# 1968 gto convert seat adjustment knob



## Batesgar (2 mo ago)

Tearing down my seat and one is missing it’s adjustment knob, the other has the knob.
1) Is the knob supposed to be chrome covered plastic?
2) How do you get that knob off?


----------



## O52 (Jan 27, 2019)

Chrome plastic
2 x 2, drift pin and a prying tool if the seat is in place
Page 15-4 in the Fisher Body Manual


----------



## Batesgar (2 mo ago)

Wow….you pry the crap out it.
Luckily the driver seat I already tore down is missing the knob, hence “C” clamp to put a new one on.
The passenger seat is still assembled and has the knob I want to replace.

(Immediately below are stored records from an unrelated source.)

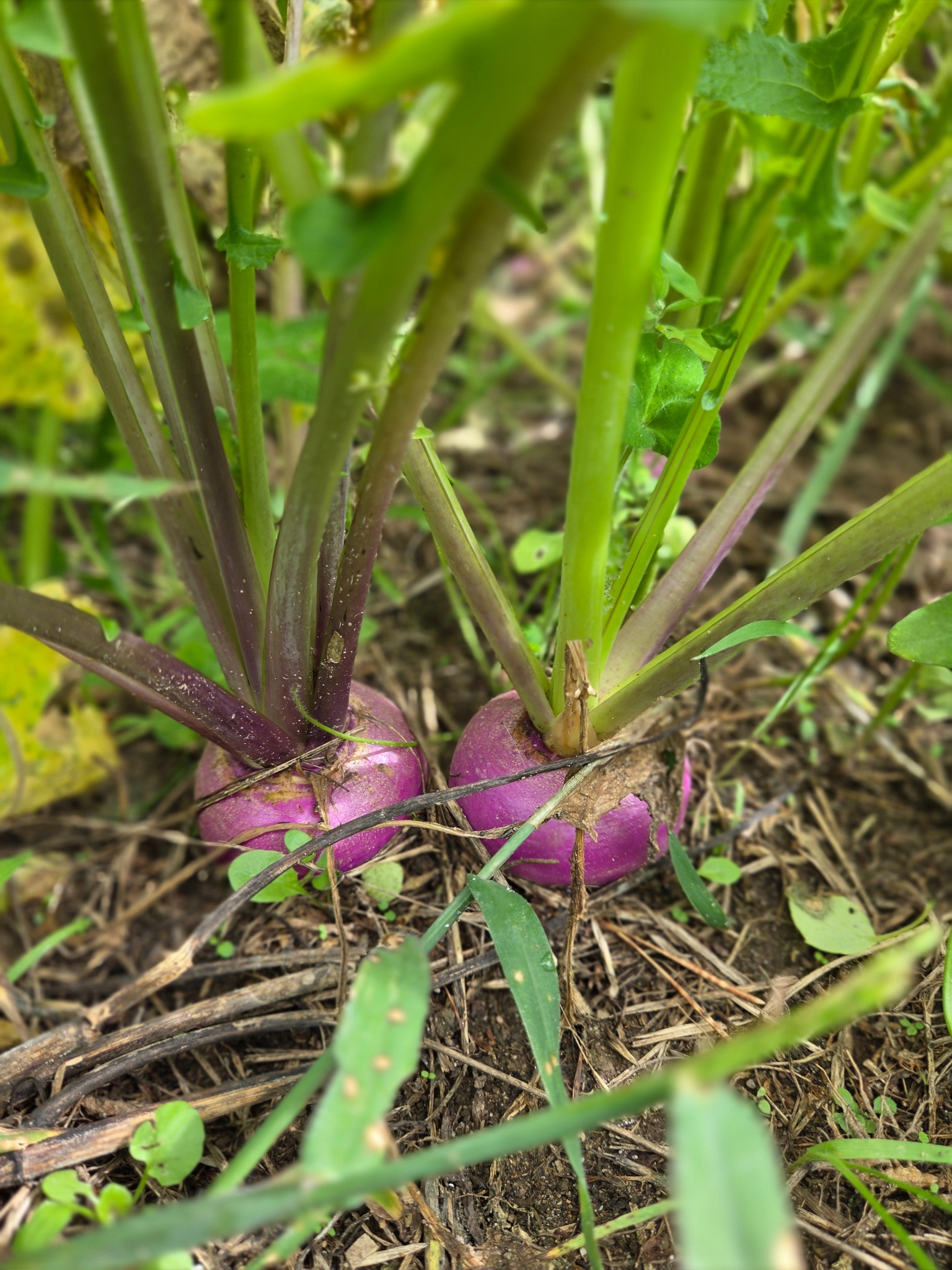 Close-up of purple-top turnips growing in a food plot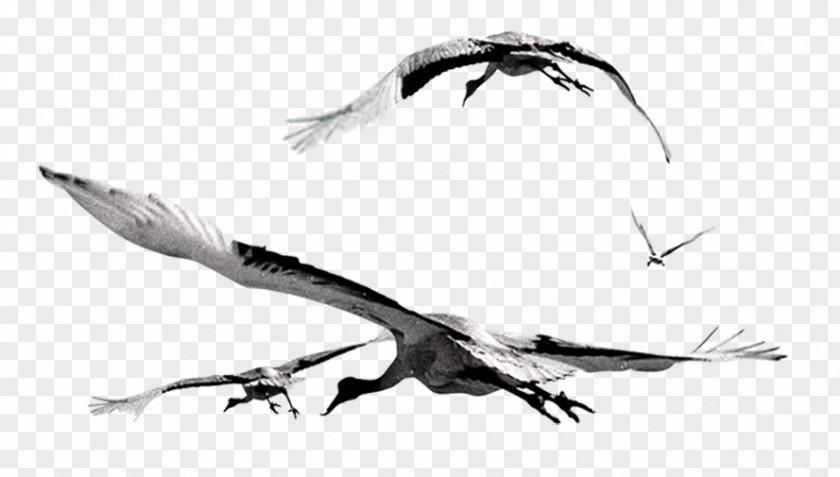 Flying Crane Bird Flight Gulls Flock PNG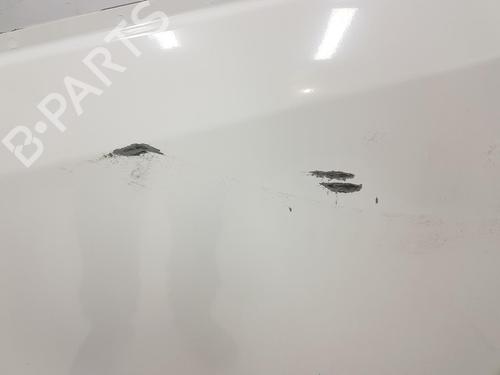 Left front door RENAULT TRAFIC III Van (FG_) 1.6 dCi 90 (FGME) | BP15510767C2 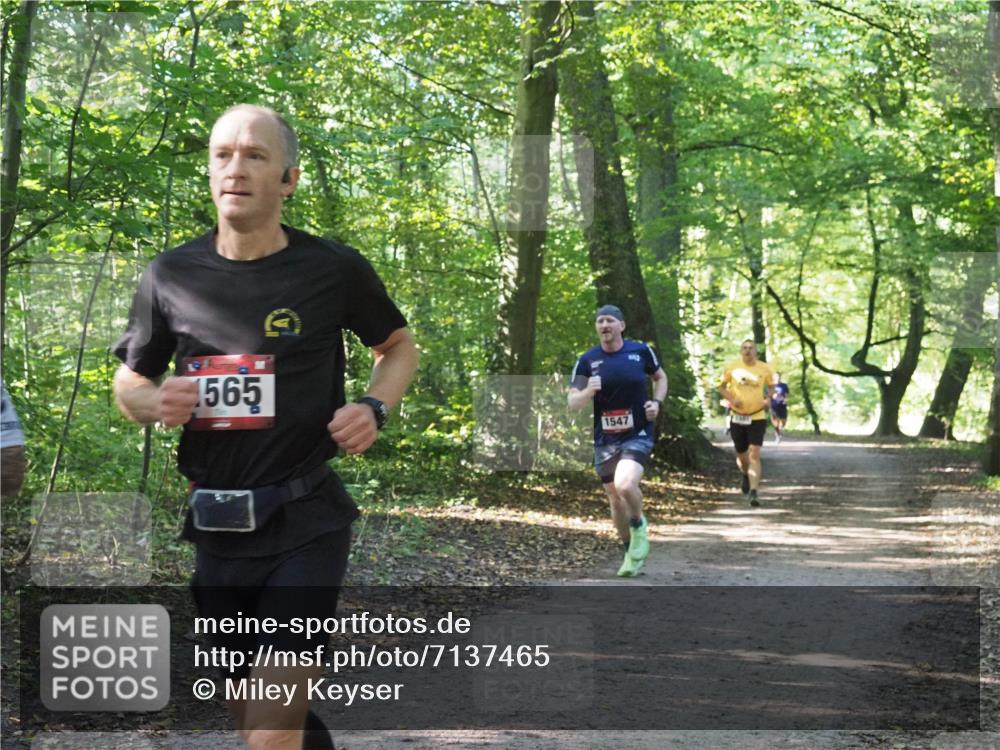 22.09.2024 - 32. Volkslauf durch das schöne Alstertal Miley Keyser http://msf.ph/oto/7137465 22.09.2024 10:20:23 Laufen 1565, 1547 meine-sportfotos.de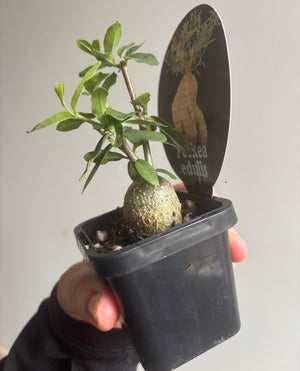 Fockea edulis - The Fat Plant aka Hottentot Bread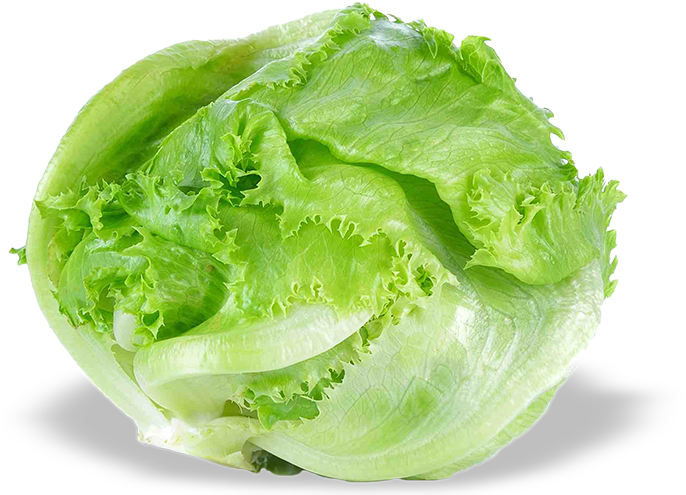Fresh Green Lettuce Isolated PNG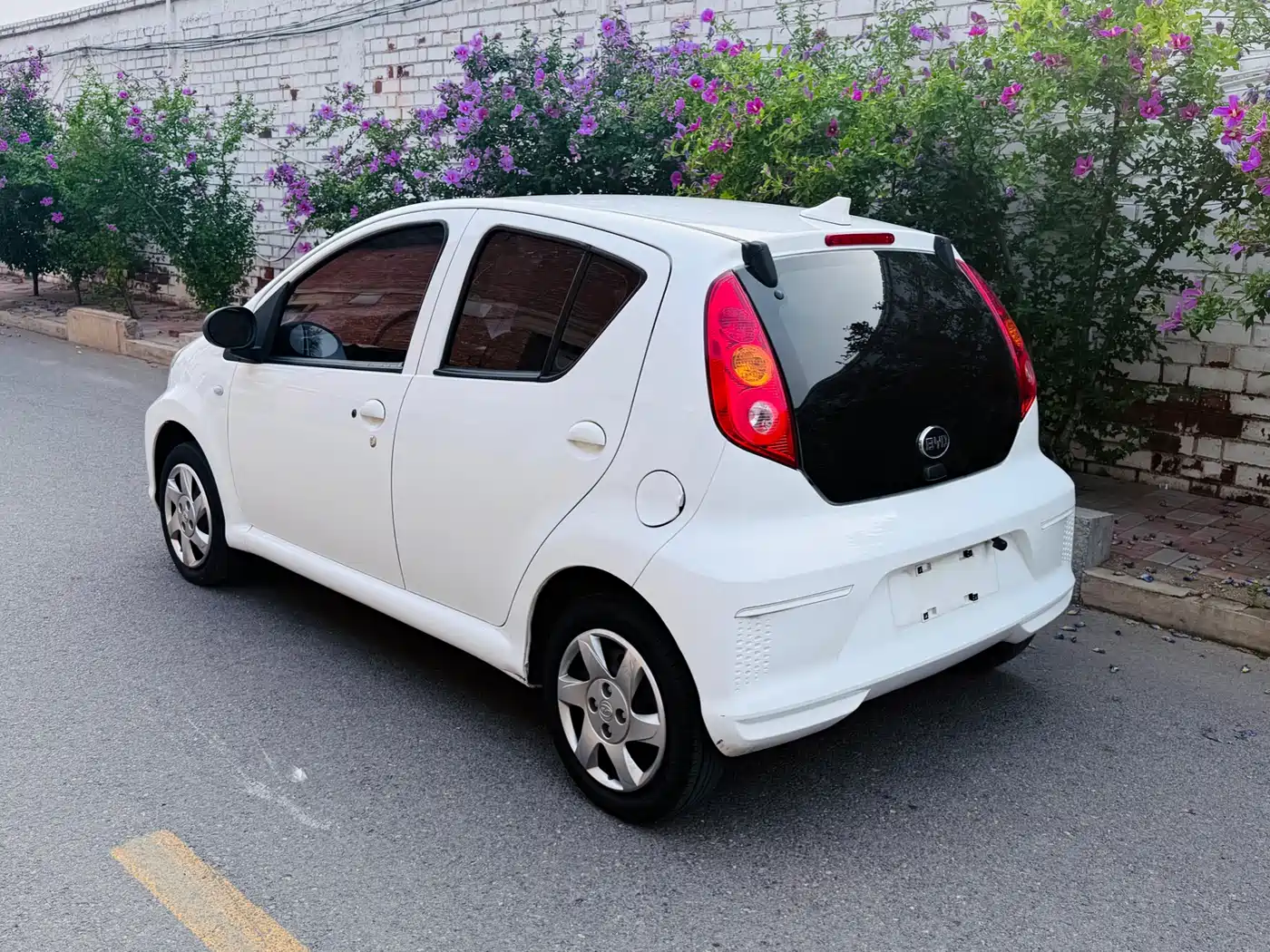 BYD e1 2019 2019 Advance Version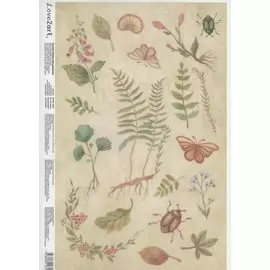 Рисовая бумага для декупажа "Ботаника"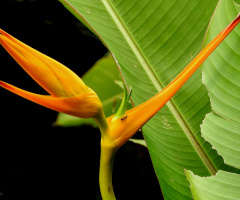 Heliconia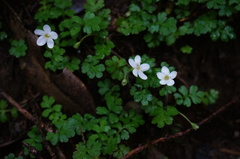 Ellisiophyllum pinnatum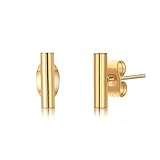 OSIANA Stud Earrings - Womens Titanium Stainless Steel Planted Glod Minimalist Earrings in Gift Box 01-Stud
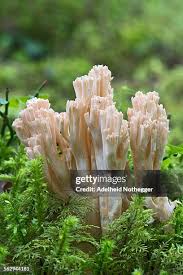 Attēlu rezultāti vaicājumam “Ramaria formosa”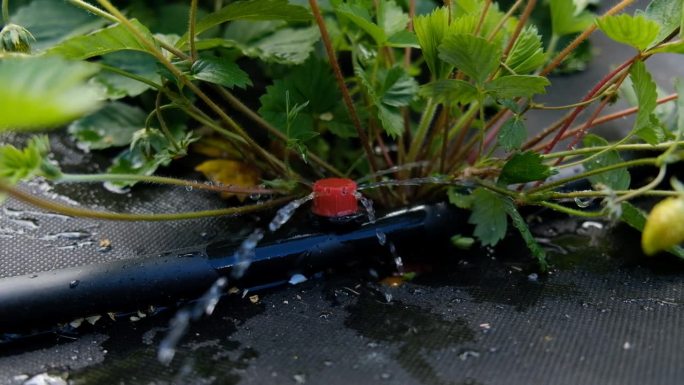 滴灌。在一个凸起的床上的灌溉系统的特写视图。草莓丛从枯枝上发芽，反对滴灌。
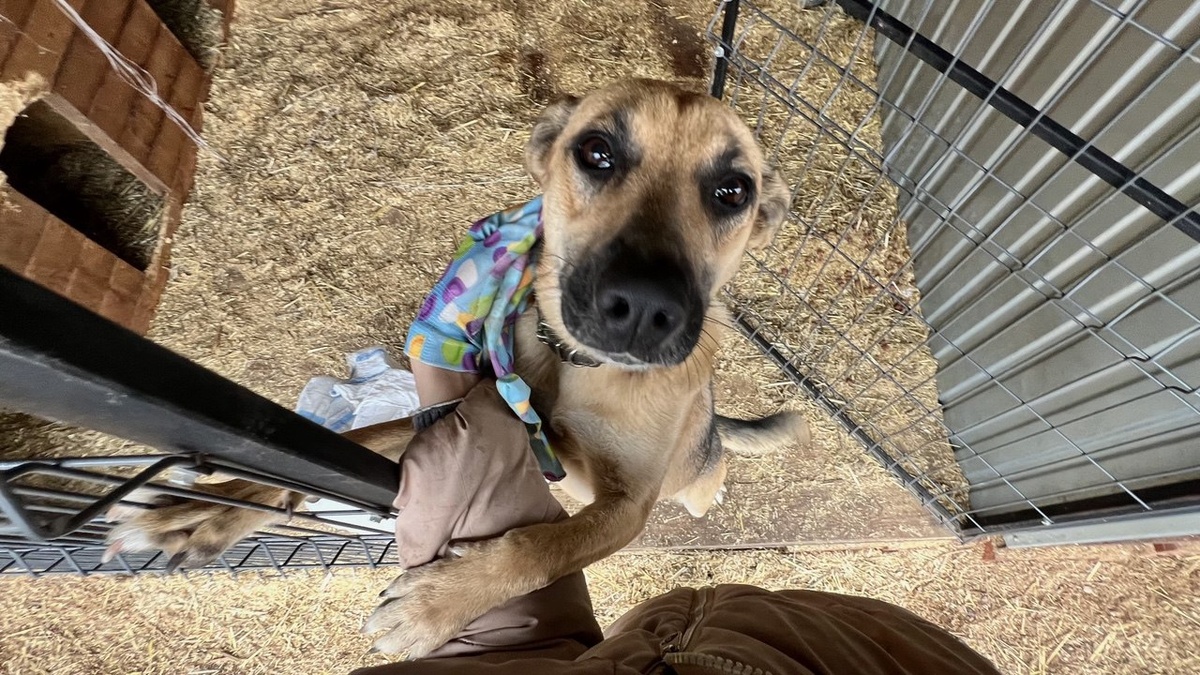    Анна Сальникова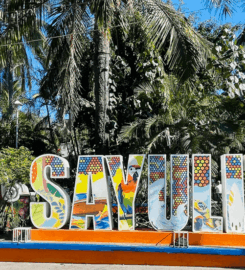 Playa Sayulita Pet-Friendly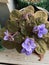 Photo of African violet or Saintpaulia flower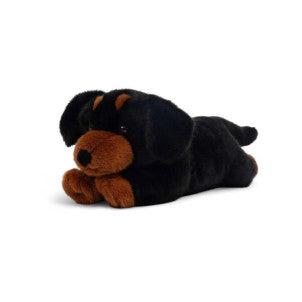 Tu amigo pumpkin el teckel peluches one love 2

I’ll try the wood block and drift pin and see how it goes.


----------



## BLK69JUDGE (Jun 10, 2010)

The metal arm has barbs on it and wedges itself inside the knob
I like to use a crescent wrench slide it over the flat side and snug the wrench down to just touching and tap the crescent wrench and the knob will pop off and shoot across the bench


----------



## Batesgar (2 mo ago)

Thanks, I like the crescent wrench versus the pry bar.
The front seats have me a bit confused as they appear to be original born with black, while the rear seat and arm rests were sprayed black over white. The car was born with white interior and I assumed all interior parts would be sprayed black. I can only conclude the original owner swapped out the front seats due to rips.


----------